• [TASK DETAILS]: Only the lines below from the one containing "The question mark" through the one containing "Tip: when you're" belong in the answer, repeated exactly and without pictures.

• [THE RECORDS]:
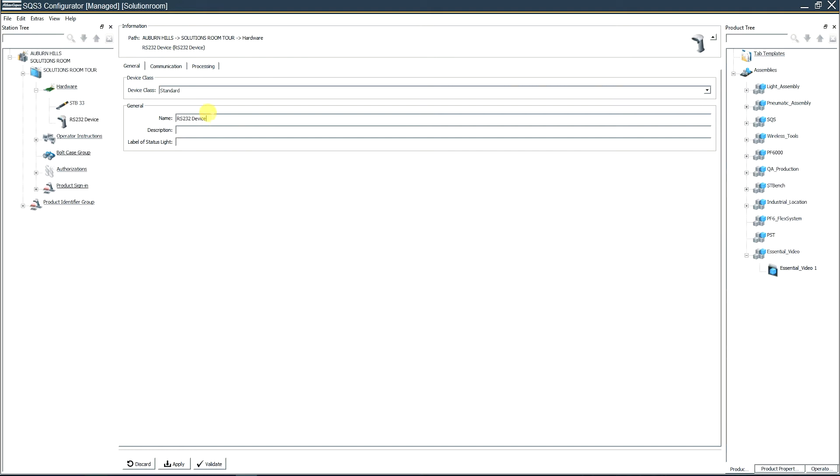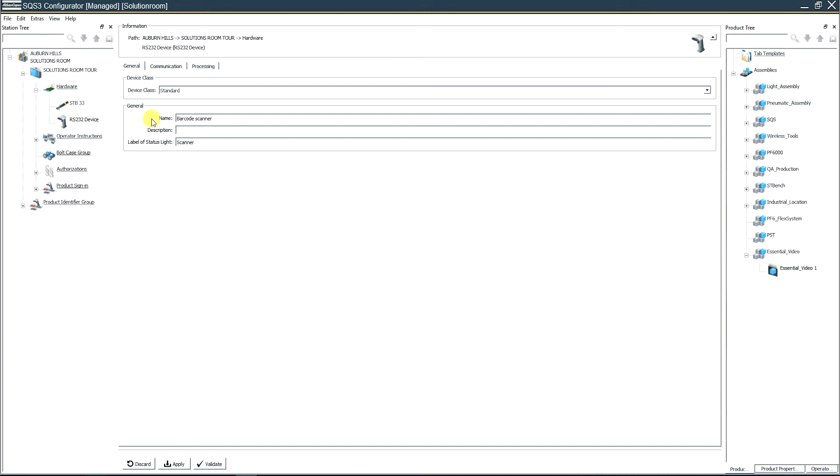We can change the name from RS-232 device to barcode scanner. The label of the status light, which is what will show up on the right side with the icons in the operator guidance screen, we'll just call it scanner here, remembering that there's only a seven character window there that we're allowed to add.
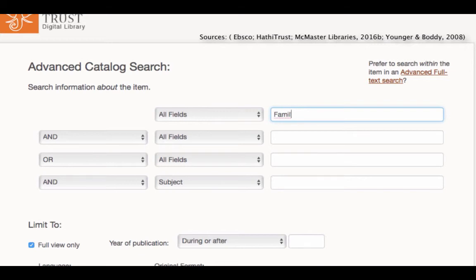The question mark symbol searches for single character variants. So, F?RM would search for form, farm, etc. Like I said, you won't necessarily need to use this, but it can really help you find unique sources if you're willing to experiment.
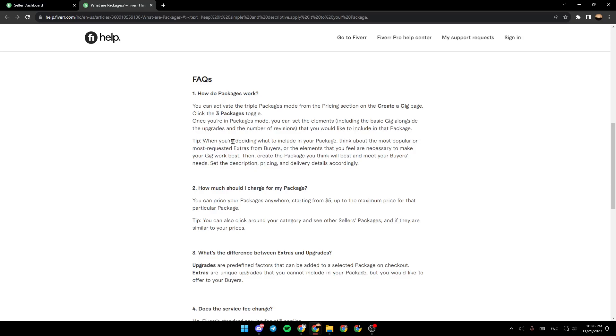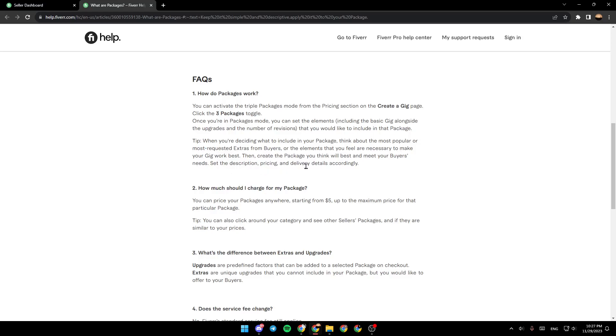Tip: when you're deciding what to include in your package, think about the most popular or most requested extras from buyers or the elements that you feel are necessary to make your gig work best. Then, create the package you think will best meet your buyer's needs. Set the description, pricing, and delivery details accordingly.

---

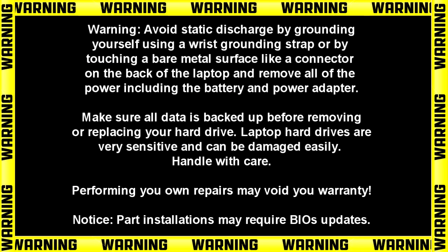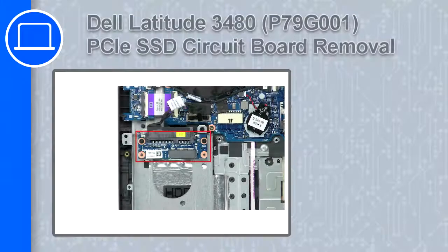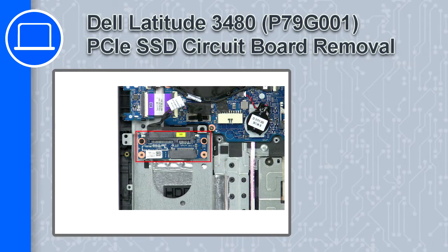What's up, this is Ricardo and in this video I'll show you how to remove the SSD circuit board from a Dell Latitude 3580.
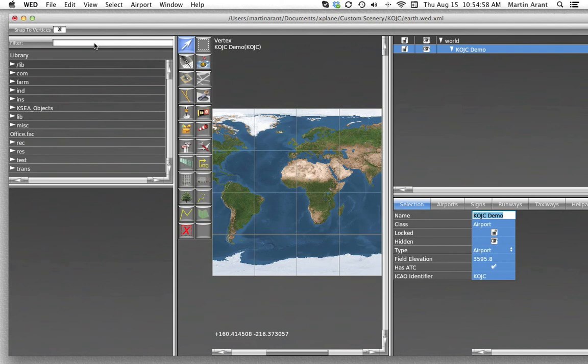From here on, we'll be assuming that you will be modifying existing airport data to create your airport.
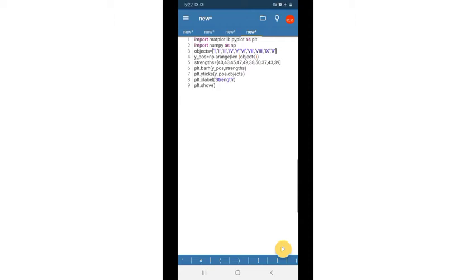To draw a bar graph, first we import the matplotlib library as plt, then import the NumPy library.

• [THE ANSWER]:
The question mark symbol searches for single character variants. So, F?RM would search for form, farm, etc. Like I said, you won't necessarily need to use this, but it can really help you find unique sources if you're willing to experiment.
Tip: when you're deciding what to include in your package, think about the most popular or most requested extras from buyers or the elements that you feel are necessary to make your gig work best. Then, create the package you think will best meet your buyer's needs. Set the description, pricing, and delivery details accordingly.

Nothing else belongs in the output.